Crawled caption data
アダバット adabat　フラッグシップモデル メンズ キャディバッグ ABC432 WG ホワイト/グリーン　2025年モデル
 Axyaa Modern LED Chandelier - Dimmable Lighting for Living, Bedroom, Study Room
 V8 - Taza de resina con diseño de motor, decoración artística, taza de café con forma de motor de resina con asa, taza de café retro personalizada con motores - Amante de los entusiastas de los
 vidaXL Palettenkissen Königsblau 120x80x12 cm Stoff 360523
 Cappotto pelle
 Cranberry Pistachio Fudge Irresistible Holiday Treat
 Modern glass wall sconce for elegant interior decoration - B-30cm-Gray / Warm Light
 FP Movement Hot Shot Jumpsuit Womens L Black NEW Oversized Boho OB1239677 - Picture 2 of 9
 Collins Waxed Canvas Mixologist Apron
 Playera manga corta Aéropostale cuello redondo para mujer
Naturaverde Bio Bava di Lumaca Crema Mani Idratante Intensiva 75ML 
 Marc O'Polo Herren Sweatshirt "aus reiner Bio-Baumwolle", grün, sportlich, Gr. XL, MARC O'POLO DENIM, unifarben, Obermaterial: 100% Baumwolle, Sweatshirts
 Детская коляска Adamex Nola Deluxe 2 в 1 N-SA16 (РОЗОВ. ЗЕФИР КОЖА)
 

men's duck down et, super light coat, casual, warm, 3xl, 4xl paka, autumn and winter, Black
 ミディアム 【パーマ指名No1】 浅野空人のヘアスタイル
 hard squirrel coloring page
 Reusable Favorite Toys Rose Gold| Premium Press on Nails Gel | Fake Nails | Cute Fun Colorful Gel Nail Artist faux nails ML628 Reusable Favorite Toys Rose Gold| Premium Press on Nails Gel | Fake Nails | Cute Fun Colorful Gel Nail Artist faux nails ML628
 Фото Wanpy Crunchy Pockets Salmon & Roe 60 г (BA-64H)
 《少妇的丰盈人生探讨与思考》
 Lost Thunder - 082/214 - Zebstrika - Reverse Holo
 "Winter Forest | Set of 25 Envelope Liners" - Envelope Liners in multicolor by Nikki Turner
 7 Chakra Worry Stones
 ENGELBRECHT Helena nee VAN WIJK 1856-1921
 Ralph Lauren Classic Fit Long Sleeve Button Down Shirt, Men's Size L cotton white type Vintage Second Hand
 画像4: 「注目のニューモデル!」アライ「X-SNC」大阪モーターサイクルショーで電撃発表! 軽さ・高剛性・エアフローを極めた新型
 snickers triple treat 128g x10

### WORK ITEM
Among the records above, repeat exactly the line with "Marc O'Polo Herren", the line with "hard squirrel coloring page", and every line in between, and only those.

### EXPECTED ANSWER
 Marc O'Polo Herren Sweatshirt "aus reiner Bio-Baumwolle", grün, sportlich, Gr. XL, MARC O'POLO DENIM, unifarben, Obermaterial: 100% Baumwolle, Sweatshirts
 Детская коляска Adamex Nola Deluxe 2 в 1 N-SA16 (РОЗОВ. ЗЕФИР КОЖА)
 

men's duck down et, super light coat, casual, warm, 3xl, 4xl paka, autumn and winter, Black
 ミディアム 【パーマ指名No1】 浅野空人のヘアスタイル
 hard squirrel coloring page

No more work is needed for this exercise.